Walmart is giving employees access to new telehealth services.
Walmart is providing workers with access to a broader range of health care services — virtually.
The discount giant, which began piloting employee telehealth services as part of its medical plan in January 2020 in an effort to provide easier and better care for its workers while also reducing its own costs, is now moving beyond its traditional employee telehealth service for occasional sick visits
Starting the week of Oct. 10, Walmart is expanding virtual primary care to allow employees and their families the option to develop long-standing relationships with doctors across the country. Walmart is partnering with virtual care platform Included Health to deliver these services.

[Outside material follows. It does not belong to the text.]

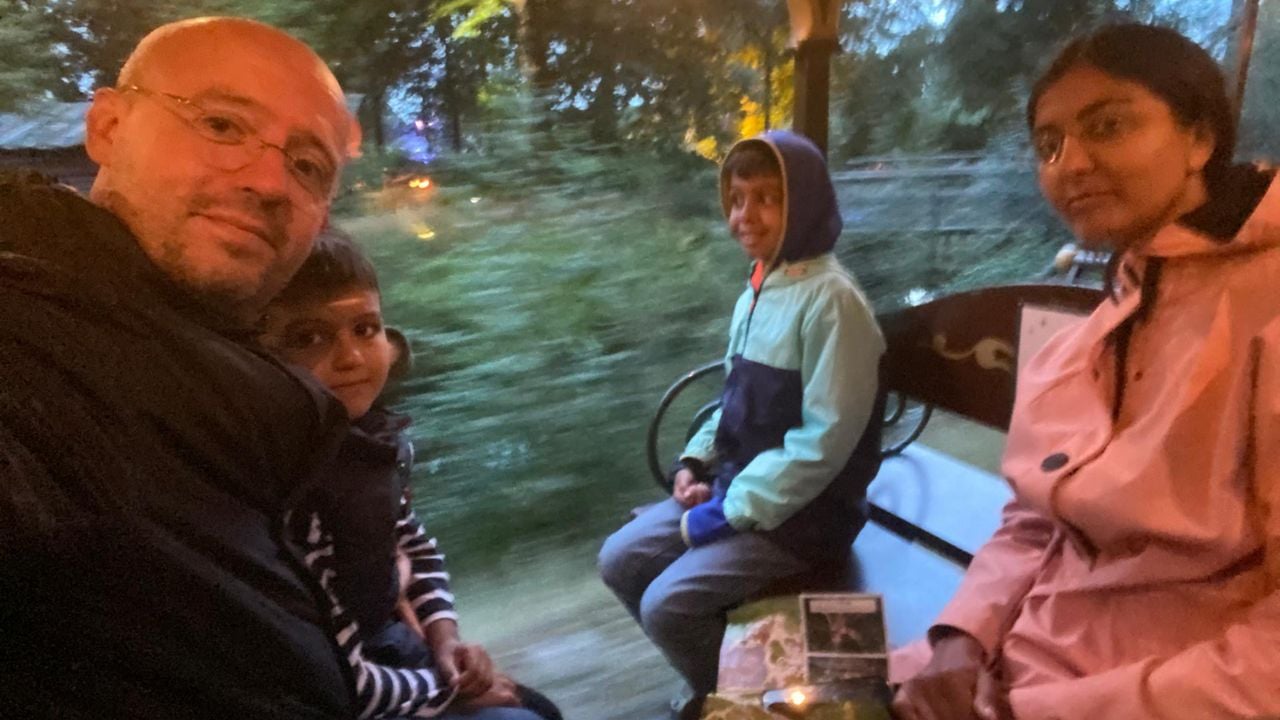 Het echtpaar deelt de post met deze foto op Facebook (foto: Liza Kurukulasuriya)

As part of this expansion, virtual care options for digestive health and physical therapy will also be available, including some basic at-home lab work early in 2024.

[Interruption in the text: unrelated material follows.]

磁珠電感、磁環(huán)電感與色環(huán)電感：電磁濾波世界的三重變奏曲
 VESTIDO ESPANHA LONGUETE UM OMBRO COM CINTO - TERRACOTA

Most virtual health care benefits Walmart offers employees are available at no cost to associates and their families ($0 co-pay). Associates and their covered dependents must be enrolled in a Walmart self-insured medical plan.

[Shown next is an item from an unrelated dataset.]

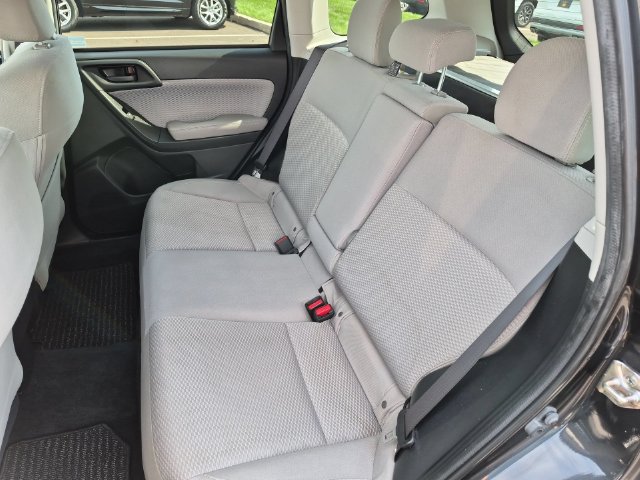 Used 2018 Subaru Forester 2.5i Premium AWD/4WD image 26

Walmart expanded its initial employee virtual care pilot to 16 states, then again to 21 states in 2023. Other virtual healthcare services the retailer has added include the 2021 rollout of no-cost virtual counseling, free well-being webinars, access to a free sleep, meditation and gratitude app, and 24/7 peer support chats.
“We’re meeting people where they are and removing barriers of time, travel and cost at the same time,” said Lisa Woods, VP of well-being, Walmart, in a corporate blog post. “At the end of the day, we’re offering affordable, accessible health care for our associates and their families, which ties back to our mission at Walmart: helping people save money so they can live better.
“Over the past three and a half years, Walmart has tested and validated the role of virtual care beyond simple sick needs,” said Owen Tripp, CEO of Included Health. “Against national primary care shortages, rural health care deserts, and persistent price growth, Walmart has continued to move health care forward.”
The following states are included in Walmart’s virtual employee healthcare expansion: California, Connecticut, Delaware, Florida, Idaho, Kansas, Maine, Maryland, Massachusetts, Michigan, Montana, Nebraska, Nevada, New Hampshire, New Jersey, New Mexico, New York, North Dakota, Oklahoma, Oregon, Pennsylvania, Rhode Island, South Dakota, Texas, Utah, Vermont, Washington and Wyoming. Walmart already offers the benefit in all other states, except Hawaii.
Headquartered in Bentonville, Ark., Walmart Inc. operates more than 10,500 stores and numerous e-commerce websites under 46 banners in 24 countries.